GIVEN DATA:
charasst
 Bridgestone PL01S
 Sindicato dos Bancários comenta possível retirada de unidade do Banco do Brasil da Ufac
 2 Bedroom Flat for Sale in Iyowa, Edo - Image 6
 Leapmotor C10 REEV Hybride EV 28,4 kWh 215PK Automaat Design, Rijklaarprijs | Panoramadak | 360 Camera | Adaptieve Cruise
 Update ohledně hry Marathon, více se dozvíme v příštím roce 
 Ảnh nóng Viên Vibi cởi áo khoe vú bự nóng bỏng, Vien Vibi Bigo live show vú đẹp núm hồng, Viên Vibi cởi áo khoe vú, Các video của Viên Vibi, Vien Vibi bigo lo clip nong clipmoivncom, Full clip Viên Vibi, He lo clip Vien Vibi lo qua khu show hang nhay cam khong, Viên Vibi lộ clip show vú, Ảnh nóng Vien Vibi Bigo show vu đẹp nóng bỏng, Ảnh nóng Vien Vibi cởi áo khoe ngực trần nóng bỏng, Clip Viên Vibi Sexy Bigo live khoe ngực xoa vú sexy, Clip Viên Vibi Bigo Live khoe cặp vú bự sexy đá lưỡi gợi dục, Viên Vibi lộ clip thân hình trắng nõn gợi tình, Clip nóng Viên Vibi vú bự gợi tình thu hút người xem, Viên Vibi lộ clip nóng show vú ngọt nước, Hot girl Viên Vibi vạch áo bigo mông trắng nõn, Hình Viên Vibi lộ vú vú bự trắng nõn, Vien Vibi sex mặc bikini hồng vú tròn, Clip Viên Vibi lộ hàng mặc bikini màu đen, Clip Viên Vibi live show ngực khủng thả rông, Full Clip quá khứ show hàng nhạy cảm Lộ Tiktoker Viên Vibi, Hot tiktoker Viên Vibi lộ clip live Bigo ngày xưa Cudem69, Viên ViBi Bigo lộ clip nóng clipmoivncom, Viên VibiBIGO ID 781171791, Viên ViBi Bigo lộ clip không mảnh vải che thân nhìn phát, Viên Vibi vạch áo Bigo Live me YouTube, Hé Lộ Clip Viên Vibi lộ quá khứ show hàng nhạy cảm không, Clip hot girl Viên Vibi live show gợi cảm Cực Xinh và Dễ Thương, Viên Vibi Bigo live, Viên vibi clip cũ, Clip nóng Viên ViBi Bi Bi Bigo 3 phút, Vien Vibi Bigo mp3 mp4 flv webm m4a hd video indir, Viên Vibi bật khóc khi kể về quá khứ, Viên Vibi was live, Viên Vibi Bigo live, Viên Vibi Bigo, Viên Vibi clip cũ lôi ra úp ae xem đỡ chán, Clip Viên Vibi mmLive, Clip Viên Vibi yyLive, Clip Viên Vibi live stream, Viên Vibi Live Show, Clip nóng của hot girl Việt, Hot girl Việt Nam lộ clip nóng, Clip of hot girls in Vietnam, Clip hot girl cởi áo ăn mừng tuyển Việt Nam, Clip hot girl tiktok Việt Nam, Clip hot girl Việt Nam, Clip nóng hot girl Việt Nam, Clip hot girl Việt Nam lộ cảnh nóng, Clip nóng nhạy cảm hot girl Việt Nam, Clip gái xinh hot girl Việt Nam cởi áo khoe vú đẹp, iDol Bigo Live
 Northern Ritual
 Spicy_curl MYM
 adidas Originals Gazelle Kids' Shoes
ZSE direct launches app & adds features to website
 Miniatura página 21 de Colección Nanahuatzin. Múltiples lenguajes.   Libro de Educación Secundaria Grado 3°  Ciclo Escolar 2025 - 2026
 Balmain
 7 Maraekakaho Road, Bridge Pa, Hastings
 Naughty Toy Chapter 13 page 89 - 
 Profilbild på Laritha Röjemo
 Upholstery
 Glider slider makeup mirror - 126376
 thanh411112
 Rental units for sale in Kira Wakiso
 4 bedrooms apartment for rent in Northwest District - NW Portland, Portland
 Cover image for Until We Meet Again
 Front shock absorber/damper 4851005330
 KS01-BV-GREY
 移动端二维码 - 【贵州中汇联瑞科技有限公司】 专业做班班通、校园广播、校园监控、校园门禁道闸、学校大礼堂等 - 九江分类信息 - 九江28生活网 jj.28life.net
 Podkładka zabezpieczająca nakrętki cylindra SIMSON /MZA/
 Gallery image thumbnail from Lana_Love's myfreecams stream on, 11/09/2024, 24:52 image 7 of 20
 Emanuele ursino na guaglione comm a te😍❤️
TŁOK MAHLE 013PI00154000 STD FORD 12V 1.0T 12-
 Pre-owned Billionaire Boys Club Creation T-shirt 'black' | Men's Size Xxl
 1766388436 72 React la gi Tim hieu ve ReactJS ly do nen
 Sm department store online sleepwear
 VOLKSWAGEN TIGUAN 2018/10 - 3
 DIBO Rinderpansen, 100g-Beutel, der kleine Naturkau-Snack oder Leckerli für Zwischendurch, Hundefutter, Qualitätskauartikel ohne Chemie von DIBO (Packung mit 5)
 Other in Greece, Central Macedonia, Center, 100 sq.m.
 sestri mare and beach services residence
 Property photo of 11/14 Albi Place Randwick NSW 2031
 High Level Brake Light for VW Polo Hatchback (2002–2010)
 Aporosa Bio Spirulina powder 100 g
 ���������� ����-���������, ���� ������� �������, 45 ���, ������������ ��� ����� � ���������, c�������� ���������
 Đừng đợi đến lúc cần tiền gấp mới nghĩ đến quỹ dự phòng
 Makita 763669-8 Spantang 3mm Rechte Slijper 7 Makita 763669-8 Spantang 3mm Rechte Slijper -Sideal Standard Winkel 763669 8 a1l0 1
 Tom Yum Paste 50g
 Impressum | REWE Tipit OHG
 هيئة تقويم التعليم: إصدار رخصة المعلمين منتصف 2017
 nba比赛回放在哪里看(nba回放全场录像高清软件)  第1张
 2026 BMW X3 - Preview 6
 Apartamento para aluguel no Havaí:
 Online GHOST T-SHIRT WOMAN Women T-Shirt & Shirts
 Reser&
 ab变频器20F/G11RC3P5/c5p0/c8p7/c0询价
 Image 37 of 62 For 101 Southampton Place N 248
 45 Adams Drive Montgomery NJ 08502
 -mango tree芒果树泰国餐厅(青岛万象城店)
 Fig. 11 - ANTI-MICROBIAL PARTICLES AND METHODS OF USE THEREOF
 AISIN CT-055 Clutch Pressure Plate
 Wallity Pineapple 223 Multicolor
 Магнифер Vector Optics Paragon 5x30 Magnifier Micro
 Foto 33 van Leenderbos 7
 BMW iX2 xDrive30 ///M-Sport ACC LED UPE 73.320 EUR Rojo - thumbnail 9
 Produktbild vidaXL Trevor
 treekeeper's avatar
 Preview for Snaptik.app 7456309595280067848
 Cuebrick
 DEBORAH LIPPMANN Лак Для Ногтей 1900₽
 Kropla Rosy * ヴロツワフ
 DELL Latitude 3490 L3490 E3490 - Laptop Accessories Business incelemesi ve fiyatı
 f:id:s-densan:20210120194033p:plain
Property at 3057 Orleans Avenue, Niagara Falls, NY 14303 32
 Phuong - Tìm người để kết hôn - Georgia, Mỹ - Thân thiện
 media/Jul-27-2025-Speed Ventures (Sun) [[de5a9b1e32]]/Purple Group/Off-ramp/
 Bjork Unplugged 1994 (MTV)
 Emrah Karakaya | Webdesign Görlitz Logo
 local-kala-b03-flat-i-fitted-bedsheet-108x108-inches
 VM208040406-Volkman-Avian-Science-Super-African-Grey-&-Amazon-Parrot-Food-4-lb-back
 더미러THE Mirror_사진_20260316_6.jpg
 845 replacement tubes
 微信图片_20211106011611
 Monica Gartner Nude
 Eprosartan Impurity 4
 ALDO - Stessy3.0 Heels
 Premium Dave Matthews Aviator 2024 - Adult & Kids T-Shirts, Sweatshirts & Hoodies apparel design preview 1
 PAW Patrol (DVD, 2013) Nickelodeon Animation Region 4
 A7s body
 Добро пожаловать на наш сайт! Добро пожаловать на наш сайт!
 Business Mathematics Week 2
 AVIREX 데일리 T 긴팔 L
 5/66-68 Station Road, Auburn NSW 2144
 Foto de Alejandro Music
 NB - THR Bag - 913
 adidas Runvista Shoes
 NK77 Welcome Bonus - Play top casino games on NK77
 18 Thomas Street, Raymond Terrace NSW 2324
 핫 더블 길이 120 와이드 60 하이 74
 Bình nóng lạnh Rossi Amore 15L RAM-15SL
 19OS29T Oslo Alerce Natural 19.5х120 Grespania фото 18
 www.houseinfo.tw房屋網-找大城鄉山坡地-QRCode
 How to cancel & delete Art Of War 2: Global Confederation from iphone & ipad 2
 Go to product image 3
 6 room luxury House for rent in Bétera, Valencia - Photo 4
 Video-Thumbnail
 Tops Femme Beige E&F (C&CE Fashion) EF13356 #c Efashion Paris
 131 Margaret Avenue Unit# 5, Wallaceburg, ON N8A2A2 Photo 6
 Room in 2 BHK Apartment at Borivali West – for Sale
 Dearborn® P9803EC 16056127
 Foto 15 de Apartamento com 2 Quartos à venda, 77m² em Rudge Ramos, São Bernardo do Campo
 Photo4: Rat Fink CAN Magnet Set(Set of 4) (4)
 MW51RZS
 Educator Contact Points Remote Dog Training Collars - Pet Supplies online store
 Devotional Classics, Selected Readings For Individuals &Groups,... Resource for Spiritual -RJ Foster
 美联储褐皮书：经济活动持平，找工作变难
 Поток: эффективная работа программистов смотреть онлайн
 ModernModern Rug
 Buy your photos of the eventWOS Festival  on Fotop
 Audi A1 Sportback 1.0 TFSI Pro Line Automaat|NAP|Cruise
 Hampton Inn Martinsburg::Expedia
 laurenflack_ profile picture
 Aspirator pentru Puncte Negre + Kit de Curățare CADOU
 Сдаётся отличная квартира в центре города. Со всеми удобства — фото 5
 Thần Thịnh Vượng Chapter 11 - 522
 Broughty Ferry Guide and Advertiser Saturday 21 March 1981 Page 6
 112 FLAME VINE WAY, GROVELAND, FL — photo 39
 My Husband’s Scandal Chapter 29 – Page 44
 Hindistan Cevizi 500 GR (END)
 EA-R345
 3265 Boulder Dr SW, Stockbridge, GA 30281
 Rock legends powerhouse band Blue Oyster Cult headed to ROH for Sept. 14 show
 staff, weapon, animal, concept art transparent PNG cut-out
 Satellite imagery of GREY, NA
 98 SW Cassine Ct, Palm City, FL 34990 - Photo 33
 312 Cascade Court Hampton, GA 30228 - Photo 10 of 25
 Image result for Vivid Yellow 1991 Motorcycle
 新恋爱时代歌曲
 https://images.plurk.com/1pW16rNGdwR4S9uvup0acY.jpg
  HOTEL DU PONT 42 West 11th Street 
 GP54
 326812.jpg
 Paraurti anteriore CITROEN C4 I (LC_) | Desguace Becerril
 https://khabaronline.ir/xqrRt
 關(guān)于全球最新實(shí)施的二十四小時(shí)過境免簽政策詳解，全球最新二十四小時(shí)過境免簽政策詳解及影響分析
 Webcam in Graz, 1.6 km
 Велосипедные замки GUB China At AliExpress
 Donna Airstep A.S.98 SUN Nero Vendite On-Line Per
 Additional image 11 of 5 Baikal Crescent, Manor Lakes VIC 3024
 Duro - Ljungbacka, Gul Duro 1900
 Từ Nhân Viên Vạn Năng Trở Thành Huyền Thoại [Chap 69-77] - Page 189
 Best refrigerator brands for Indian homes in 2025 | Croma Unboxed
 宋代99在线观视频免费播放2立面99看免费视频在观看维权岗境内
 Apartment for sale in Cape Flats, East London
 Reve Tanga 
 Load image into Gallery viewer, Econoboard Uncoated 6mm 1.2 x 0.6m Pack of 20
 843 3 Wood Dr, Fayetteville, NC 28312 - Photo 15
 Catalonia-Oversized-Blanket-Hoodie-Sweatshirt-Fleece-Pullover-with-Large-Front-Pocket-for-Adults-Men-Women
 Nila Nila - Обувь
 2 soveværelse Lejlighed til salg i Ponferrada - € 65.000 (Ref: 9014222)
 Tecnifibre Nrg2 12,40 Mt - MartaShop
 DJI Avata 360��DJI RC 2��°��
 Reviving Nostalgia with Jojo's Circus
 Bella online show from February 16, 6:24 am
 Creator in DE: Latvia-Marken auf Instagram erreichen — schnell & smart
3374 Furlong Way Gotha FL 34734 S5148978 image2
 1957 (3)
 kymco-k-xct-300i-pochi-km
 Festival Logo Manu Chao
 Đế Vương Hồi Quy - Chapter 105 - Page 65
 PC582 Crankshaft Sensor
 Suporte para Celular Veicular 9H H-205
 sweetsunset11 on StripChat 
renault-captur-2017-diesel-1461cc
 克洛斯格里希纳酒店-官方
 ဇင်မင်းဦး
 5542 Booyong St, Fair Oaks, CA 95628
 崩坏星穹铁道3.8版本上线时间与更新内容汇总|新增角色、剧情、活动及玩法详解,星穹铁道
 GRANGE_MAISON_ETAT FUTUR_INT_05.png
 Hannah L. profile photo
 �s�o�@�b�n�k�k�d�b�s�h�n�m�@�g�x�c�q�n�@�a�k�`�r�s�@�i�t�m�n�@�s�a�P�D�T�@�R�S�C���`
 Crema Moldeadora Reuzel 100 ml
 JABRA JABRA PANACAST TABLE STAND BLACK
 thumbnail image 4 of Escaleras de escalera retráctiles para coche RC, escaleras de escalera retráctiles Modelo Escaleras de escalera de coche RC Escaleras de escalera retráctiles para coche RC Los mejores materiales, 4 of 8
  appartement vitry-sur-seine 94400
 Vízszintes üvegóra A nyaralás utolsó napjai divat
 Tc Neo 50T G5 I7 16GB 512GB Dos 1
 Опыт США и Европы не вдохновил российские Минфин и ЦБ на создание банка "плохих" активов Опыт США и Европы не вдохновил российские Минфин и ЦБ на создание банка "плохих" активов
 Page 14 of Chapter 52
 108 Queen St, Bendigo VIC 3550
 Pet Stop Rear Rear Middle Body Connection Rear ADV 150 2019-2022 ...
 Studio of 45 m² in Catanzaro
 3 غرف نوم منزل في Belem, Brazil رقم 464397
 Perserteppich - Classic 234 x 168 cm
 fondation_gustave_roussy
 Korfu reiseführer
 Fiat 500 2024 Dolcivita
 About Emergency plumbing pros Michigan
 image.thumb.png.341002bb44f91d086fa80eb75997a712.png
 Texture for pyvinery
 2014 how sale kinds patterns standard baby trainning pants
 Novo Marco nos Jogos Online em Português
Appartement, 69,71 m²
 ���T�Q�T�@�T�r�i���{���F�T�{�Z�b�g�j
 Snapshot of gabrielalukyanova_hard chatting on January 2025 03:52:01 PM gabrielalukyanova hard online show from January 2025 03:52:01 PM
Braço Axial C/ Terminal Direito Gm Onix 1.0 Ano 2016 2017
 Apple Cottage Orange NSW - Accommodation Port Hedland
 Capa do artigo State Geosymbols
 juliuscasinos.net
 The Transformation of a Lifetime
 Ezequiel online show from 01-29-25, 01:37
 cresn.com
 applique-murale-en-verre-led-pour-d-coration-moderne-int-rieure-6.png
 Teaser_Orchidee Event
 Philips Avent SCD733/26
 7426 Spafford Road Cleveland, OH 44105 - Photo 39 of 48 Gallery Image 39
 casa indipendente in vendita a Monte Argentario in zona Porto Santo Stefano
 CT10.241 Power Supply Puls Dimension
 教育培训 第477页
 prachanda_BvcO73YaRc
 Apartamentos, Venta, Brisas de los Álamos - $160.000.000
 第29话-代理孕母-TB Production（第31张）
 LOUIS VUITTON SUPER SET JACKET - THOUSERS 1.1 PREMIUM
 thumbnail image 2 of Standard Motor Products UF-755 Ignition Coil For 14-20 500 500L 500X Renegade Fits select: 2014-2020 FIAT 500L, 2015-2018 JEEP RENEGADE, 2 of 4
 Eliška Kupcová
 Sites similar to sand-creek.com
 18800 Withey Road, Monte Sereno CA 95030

ASSIGNMENT:
Find the string "profile" in the data. Report each line it appears in.

RESPONSE TO THE TASK:
 laurenflack_ profile picture
 Hannah L. profile photo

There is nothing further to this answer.